As filhas informaram que ficaram desesperadas com essa indagação, pois não haviam sido comunicadas do ocorrido, sendo que, na véspera, sua mãe estava estável. A enfermeira, percebendo que filhas não sabiam do falecimento, encaminhou-as para uma sala, onde uma médica confirmou a morte da mãe e explicou que isso tinha ocorrido em virtude do oxigênio do SPA ter acabado às 9:20h. A paciente veio a óbito às 10:20h.
As autoras ainda questionaram a médica do motivo de não lhes terem pedido para providenciar o oxigênio para a mãe, ao que ela respondeu que elas não iriam conseguir porque o insumo tinha esgotado em toda a cidade de Manaus. Na Justiça, as filhas sustentaram que o óbito da sua mãe não ocorreu em razão da Covid-19, porque até a véspera o quadro estava estável, mas sim por asfixia em razão da falta de oxigênio, de modo que a perda da sua vida se deu por consequência única e direta da conduta omissiva dos réus.
Alegaram que os réus têm a obrigação de prestar os serviços necessários à assistência à saúde do cidadão, dentre eles o fornecimento regular para as unidades de saúde do oxigênio medicinal, o que não se desincumbiram de fazer em janeiro/2021, no auge da crise de saúde instalada no Estado do Amazonas por conta da segunda onde da pandemia de Covid-19.
Afirmaram que fazem jus à indenização por danos morais pleiteada em razão do grande abalo emocional e sofrimento experimentados por conta da morte de sua mãe pela falta de oxigênio, devendo os réus responderem objetivamente por omissão específica.
Requereram a aplicação da inversão do ônus da prova nos termos do Codigo de Defesa do Consumidor (CDC) e também os benefícios da justiça gratuita.

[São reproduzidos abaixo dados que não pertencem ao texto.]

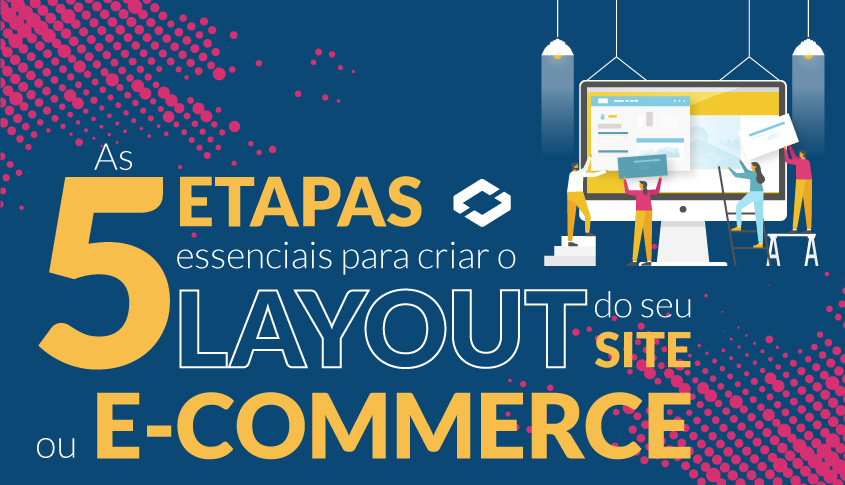 As 5 etapas essenciais para criar o Layout do seu Site ou E-commerce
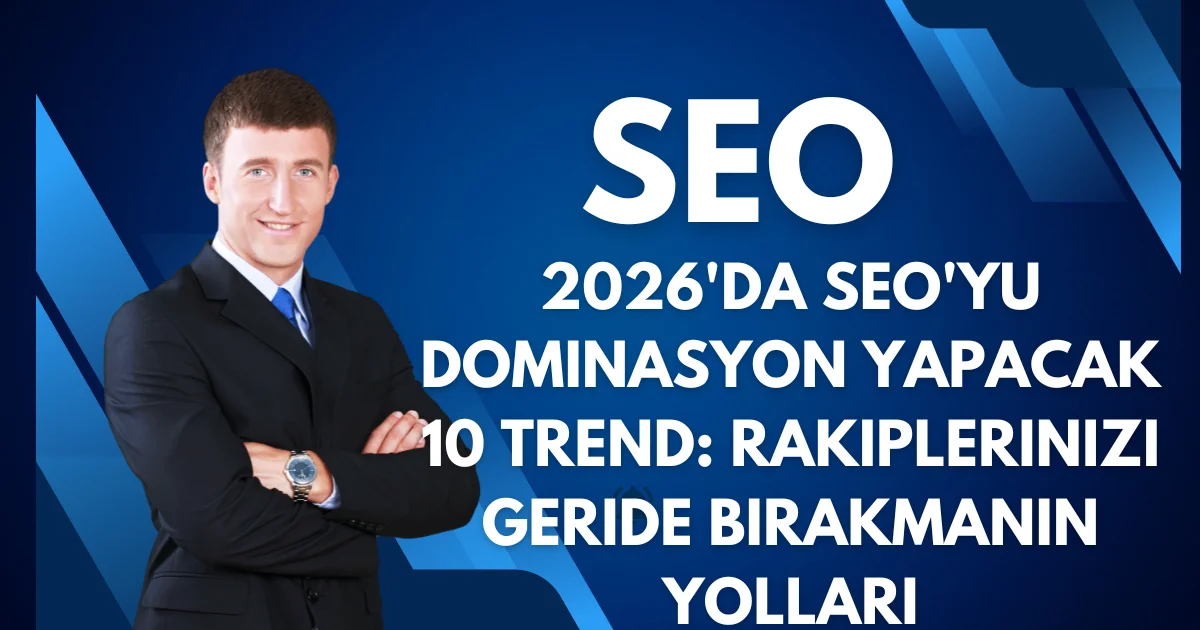 2026'da SEO'yu Dominasyon Yapacak 10 Trend: Rakiplerinizi Geride Bırakmanın Yolları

Na decisão a juíza considerou “ser incontroverso” o fato de que a morte se deu em razão da falta de oxigênio na unidade de saúde pública em que estava internada. E que a Constituição Federal, estabelece que as pessoas jurídicas de direito público e as de direito privado prestadoras de serviços públicos responderão pelos danos que seus agentes, nessa qualidade, causarem a terceiros, assegurado o direito de regresso contra o responsável nos casos de dolo ou culpa. “Não há como negar que cabia aos réus providenciarem o correto e suficiente abastecimento de oxigênio medicinal em suas unidades de saúde pública, como a que a Sra. estava internada”, afirma.
A decisão também diz que “a crise de desabastecimento de oxigênio no Estado do Amazonas no auge da segunda onde de Covid-19, que teve seu auge nos dias 14 e 15 de janeiro de 2021 é fato público e notório, tendo sido matéria jornalística em todo o país e no mundo”. E que, “além disso, a falta de presteza, agilidade e organização dos réus na solução do problema também é fato público e notório, tendo sido, inclusive, matéria de discussão em CPI no Senado Federal”.
“A omissão específica dos réus, portanto, é gritante, haja vista que tinham o dever de agir para evitar o colapso no sistema de saúde quanto à falta de oxigênio e não o fizeram. Não há que se cogitar, como fez o Estado do Amazonas, de ocorrência de excludentes da responsabilidade civil como o caso fortuito e a força maior. Isto porque, a primeira onde de COVID 19 no Estado ocorreu em março e abril de 2020, quase um ano antes, de modo que já era de conhecimento dos réus a gravidade da pandemia e o colapso que ela provocava no sistema de saúde”, diz a decisão.
Segundo a juíza, “o dano sofrido pelas autoras salta aos olhos, já que a perda de um ente querido em razão da omissão dos réus em abastecer adequadamente suas unidades de saúde com oxigênio medicinal é incomensurável, ainda mais se tratando de mãe”. E o “desespero, a dor, a tristeza e a revolta experimentados pelas filhas ao saberem que sua mãe perdeu a vida asfixiada por falta de oxigênio é evidente e refoge ao simples dissabor do dia-a-dia.”